Step 0 (epoch 0.00), 7.0 ms
Minibatch loss: 12.054, learning rate: 0.010000
Minibatch error: 90.6%
Validation error: 84.6%
Step 100 (epoch 0.12), 394.0 ms
Minibatch loss: 3.289, learning rate: 0.010000
Minibatch error: 6.2%
Validation error: 7.0%
Step 200 (epoch 0.23), 382.6 ms
Minibatch loss: 3.427, learning rate: 0.010000
Minibatch error: 10.9%
Validation error: 3.6%
Step 3000 (epoch 3.49), 422.1 ms
Minibatch loss: 2.400, learning rate: 0.008574
Minibatch error: 1.6%
Validation error: 1.0%
Step 3100 (epoch 3.61), 401.1 ms
Minibatch loss: 2.396, learning rate: 0.008574
Minibatch error: 3.1%
Validation error: 0.9%

I have the CPU ONLY version of TF installed.
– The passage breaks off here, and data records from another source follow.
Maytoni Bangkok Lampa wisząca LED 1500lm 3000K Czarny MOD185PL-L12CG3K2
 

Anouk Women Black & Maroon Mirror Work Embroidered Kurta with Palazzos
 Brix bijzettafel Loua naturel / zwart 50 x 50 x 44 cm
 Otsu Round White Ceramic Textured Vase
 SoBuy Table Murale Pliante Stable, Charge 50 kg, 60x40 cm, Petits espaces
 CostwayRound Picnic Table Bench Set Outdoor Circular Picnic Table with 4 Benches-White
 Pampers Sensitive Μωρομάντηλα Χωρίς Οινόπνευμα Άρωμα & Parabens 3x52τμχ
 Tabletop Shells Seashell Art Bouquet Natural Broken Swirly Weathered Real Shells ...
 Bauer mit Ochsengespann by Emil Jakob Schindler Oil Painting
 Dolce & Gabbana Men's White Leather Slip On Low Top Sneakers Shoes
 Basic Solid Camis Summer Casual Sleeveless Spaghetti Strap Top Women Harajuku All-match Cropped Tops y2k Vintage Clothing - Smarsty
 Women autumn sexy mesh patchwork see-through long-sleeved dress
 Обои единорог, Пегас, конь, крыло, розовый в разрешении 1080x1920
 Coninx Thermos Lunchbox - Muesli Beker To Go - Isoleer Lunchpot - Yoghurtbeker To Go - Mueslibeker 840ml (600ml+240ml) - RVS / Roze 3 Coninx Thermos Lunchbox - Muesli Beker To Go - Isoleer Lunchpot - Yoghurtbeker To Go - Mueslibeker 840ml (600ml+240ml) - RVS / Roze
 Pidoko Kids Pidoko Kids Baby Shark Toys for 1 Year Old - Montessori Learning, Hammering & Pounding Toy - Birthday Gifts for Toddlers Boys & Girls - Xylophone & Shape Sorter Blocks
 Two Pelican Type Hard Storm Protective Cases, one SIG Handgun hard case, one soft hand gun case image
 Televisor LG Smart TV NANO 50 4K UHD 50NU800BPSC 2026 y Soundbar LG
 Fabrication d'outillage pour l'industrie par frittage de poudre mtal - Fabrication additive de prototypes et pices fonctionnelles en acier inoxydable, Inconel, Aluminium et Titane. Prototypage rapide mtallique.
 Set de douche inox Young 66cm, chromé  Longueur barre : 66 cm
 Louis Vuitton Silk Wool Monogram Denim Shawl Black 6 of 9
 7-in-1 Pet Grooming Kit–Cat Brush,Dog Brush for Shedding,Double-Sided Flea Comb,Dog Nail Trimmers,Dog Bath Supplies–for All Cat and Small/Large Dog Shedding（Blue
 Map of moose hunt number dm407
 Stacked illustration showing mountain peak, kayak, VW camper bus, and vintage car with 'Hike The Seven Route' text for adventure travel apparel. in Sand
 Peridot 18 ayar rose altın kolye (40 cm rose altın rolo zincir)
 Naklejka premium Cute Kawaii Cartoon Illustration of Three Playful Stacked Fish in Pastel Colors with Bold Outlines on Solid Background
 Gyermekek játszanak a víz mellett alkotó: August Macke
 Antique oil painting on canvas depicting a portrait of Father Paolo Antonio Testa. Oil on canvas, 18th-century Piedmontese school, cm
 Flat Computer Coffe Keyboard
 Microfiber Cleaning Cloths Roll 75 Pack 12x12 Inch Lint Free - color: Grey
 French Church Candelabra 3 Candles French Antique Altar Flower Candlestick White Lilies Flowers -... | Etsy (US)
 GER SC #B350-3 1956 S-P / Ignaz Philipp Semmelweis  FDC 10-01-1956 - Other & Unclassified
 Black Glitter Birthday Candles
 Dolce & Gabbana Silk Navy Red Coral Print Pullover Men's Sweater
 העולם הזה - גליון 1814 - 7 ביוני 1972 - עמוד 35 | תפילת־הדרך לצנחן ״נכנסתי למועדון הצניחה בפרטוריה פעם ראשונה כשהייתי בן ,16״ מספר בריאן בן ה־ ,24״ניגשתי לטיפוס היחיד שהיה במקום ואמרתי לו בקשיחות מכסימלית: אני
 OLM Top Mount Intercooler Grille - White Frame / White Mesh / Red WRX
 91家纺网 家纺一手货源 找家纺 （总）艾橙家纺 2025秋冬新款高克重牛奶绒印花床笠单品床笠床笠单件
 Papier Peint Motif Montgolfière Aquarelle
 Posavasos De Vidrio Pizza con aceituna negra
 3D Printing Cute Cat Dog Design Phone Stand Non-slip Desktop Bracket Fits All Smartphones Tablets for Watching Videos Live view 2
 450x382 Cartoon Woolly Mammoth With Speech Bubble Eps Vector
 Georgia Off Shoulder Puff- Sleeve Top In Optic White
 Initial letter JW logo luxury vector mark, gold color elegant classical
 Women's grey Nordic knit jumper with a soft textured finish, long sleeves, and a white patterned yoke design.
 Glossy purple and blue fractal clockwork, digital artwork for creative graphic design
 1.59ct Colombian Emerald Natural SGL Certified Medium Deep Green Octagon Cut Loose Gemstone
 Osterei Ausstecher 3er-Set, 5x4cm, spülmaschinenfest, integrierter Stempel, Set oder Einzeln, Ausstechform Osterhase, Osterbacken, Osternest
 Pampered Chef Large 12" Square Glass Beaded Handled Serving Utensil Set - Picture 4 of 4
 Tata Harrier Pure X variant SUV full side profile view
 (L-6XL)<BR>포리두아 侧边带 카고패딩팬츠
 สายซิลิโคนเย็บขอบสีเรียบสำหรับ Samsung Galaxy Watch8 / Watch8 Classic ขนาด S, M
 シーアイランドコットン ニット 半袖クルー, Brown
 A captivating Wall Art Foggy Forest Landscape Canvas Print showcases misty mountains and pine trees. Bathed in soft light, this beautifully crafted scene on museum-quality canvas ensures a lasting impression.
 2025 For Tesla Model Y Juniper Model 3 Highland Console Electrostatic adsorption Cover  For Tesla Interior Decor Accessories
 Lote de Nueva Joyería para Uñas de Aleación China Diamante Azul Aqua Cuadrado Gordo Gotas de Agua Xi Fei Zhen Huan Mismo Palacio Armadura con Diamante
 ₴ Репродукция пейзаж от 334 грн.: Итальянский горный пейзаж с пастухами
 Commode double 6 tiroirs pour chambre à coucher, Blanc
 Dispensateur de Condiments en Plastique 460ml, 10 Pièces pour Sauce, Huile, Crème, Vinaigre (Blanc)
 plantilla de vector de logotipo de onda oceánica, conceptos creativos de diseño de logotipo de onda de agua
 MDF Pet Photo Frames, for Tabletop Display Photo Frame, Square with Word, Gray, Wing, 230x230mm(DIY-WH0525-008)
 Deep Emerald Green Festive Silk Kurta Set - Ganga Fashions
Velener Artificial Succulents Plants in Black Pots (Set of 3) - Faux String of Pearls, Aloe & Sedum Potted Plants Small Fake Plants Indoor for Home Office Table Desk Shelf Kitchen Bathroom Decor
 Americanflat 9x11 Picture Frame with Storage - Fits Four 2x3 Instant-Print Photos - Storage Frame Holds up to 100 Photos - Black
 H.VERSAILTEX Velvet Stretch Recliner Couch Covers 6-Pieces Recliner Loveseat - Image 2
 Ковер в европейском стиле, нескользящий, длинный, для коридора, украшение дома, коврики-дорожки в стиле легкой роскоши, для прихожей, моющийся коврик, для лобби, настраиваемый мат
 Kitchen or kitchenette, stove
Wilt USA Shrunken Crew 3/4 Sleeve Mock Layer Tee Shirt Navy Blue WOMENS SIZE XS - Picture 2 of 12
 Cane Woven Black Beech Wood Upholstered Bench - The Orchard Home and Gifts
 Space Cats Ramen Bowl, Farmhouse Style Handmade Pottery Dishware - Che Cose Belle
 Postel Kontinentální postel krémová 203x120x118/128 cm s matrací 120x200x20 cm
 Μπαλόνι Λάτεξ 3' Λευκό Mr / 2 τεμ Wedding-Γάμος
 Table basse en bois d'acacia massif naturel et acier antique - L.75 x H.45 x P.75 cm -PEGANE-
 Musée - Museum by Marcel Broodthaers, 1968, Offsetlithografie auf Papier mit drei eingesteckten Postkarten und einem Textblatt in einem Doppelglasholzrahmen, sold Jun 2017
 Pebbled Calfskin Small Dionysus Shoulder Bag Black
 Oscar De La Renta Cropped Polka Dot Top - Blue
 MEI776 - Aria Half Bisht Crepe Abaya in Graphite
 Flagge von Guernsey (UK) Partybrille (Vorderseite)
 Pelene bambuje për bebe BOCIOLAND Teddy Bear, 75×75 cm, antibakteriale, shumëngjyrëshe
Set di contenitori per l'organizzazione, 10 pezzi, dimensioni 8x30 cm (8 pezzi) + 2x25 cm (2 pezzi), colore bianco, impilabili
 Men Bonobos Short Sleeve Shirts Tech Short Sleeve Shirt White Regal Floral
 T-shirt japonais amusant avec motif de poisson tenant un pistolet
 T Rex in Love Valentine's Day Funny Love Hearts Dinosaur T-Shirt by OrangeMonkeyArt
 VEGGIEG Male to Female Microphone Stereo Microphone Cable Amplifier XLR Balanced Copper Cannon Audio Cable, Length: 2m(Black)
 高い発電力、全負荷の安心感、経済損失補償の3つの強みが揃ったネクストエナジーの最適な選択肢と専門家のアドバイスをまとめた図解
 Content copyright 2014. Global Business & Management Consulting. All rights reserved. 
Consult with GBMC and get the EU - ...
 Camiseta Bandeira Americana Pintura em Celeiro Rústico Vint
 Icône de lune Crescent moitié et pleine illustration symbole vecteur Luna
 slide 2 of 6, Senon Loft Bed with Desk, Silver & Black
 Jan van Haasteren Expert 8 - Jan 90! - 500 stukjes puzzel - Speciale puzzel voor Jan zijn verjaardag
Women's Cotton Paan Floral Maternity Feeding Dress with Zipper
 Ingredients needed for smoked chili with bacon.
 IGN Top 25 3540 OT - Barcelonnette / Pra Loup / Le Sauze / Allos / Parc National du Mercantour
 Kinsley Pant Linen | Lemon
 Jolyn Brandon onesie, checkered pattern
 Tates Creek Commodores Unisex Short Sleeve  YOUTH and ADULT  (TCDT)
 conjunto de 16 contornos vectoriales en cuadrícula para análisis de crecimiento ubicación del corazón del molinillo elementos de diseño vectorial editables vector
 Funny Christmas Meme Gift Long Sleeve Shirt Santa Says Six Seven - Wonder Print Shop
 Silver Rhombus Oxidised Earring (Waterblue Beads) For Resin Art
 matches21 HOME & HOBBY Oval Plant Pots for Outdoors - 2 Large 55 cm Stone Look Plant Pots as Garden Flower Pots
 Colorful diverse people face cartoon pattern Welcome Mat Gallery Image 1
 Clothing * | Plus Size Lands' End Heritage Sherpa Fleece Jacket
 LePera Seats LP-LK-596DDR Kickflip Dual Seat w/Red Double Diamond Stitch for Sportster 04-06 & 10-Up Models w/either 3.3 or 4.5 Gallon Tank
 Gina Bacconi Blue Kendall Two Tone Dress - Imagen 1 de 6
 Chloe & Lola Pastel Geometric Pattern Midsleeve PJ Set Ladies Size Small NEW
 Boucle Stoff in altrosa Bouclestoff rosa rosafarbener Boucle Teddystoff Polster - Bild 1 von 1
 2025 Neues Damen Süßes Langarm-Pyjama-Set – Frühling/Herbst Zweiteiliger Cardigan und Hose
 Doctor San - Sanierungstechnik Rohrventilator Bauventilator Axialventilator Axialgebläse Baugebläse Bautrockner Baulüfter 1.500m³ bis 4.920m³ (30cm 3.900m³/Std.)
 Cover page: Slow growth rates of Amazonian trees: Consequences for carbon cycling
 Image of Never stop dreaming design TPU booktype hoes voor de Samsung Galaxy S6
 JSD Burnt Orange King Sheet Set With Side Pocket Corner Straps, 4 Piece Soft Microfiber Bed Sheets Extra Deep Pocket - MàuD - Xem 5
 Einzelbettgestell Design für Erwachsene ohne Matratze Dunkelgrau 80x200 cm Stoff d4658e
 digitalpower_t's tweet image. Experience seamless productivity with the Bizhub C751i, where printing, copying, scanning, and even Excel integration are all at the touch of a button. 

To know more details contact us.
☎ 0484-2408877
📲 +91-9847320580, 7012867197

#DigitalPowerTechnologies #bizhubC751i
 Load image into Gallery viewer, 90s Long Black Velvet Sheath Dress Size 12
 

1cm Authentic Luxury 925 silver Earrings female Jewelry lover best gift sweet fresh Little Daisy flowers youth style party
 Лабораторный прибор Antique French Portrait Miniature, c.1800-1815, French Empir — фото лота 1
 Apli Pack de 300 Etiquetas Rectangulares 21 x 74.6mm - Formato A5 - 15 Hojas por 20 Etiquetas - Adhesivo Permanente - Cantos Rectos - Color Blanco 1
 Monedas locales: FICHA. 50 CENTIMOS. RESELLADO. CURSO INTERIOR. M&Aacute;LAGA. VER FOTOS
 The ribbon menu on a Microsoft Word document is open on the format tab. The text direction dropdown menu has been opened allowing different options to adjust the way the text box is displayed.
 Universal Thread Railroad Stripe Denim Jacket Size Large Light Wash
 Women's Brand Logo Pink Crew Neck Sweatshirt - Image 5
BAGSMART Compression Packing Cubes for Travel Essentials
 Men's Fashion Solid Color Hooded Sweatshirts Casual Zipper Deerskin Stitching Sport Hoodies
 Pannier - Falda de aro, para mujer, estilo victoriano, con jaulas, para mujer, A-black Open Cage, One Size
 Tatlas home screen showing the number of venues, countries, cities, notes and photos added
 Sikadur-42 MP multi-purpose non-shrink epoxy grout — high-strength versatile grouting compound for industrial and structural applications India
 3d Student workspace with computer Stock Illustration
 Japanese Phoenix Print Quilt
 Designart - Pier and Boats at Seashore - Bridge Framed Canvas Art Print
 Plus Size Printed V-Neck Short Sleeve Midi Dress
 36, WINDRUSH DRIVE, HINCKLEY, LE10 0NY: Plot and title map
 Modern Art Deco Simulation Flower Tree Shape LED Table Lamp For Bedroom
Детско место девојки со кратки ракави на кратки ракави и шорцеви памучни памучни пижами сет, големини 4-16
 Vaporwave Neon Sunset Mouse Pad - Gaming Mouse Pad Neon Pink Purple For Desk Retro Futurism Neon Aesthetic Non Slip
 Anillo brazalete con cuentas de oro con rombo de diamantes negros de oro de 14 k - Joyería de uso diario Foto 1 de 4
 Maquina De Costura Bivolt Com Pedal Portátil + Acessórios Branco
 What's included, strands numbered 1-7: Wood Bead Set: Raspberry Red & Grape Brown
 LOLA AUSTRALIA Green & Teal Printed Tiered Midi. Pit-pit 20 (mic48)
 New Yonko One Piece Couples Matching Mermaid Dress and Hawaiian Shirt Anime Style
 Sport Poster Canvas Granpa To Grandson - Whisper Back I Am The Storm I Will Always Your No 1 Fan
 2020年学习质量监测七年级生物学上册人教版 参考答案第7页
serialx commented 8 years ago

Then I think the only left option is memory full. How much memory do your machine have? This program requires at least 3GB of ram.

LecJackS commented 8 years ago

I have 8GB, but yes, that was the problem.

In config.py, I reduced the memory_size value from 100 to 10, and it started to work.

Then increased it gradually to find the maximum I can run (in my case, 60).

memory_size = 60 * scale

So that's it. Solved.

MarCnu commented 8 years ago

Same thing here, I have a laptop without a GPU and with 8GB of RAM and I got the error too. Changing the memory_size to 60 solved the issue. Also, hidding the display reduces the memory use, but you cannot see the sweet progress.

carpedm20 commented 8 years ago

@LecJackS @MarCnu Thanks for sharing useful information of CPU devices. @serialx found this but I highly recommend you to increase learning_rate from 0.00025 to 0.0025 or re-clone this project to use the feature of exponential decaying of learning rate. This will reduce the training time drastically.

LecJackS commented 8 years ago

@carpedm20 Thanks, changed to 0.0025.

I'm closing this issue because it's solved.

absudabsu commented 8 years ago

Hello. I was just wondering how the issue was resolved? Are you simply finding the bound for maximum memory?

I am not working with DQN-tensorflow, but I get a similar issue just using tensorflow when I load too many models in memory (batch-size for training network). The models occupy about 600MB of memory, but causes tensorflow to crash (core dumped), so instead I run with a batch-size occupying about 400MB. I have 32GB and the total usage never crosses 4GB, so I am confused and think its a tensorflow issue, but I could be wrong?